- Born: June 10, 1997 (age 28) Nassau, The Bahamas
- Spouse: Cody Bellinger ​(m. 2023)​
- Children: 2
- Modeling information
- Height: 1.77 m (5 ft 9+1⁄2 in)
- Hair color: Blonde
- Eye color: Blue
- Agency: IMG Models;

= Chase Carter =

Bahamian model

Chase Carter (born June 10, 1997) is a Bahamian model. She has been on the cover of Maxim magazine.

== Early life ==
Carter was born to Mark and Denise Carter.

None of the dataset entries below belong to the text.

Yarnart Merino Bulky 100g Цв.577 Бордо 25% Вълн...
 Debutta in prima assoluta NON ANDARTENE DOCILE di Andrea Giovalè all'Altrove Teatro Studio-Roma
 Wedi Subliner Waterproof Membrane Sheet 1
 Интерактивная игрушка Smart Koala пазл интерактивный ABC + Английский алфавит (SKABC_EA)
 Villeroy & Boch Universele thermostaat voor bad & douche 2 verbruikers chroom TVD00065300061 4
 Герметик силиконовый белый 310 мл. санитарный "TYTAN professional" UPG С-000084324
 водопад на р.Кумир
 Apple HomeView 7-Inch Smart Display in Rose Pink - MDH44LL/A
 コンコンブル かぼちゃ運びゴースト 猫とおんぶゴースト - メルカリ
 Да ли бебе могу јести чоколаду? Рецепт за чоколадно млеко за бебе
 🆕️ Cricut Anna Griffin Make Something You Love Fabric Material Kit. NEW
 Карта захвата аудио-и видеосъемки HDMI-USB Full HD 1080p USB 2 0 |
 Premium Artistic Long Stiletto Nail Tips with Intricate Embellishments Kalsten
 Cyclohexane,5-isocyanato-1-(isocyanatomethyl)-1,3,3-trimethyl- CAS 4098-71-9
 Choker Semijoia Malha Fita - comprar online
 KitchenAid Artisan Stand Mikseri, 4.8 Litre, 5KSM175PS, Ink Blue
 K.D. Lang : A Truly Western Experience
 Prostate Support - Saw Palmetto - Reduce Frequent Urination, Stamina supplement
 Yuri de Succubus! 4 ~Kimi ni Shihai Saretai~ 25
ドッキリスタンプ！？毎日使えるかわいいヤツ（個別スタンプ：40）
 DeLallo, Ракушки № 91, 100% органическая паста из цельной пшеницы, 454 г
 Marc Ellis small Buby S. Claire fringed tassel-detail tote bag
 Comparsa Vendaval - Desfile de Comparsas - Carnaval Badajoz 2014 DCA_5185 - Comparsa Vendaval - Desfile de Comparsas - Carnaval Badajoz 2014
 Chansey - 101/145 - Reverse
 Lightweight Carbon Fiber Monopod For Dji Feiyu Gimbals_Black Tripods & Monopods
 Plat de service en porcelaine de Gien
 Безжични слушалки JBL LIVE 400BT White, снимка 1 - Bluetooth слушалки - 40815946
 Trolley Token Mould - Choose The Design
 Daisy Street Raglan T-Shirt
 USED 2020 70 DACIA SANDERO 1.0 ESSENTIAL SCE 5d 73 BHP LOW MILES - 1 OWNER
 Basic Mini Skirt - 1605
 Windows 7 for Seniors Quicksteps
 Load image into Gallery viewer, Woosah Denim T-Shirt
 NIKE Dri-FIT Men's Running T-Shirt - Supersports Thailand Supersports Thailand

Her grandfather is Sir Charles Carter, a radio broadcaster and former Member of Parliament and Cabinet Minister.

==Career==
Carter was scouted at the Sydney Airport when she was 13. She was a rookie in the 2018 Sports Illustrated Swimsuit Issue. She has modeled for Pink (Victoria's Secret), and also for Polo Ralph Lauren, Maybelline, Philipp Plein, and has also appeared in V and Galore magazines.

== Personal life ==
Carter has a sister named Tess and a brother.

Between 2018 and 2019, Carter dated Major League Baseball player Giancarlo Stanton.

On July 13, 2021, she announced she and New York Yankees first baseman-outfielder Cody Bellinger were expecting a child together, a girl. Their daughter was born in November 2021. Carter and Bellinger had a second daughter in April 2023. They married in December 2023.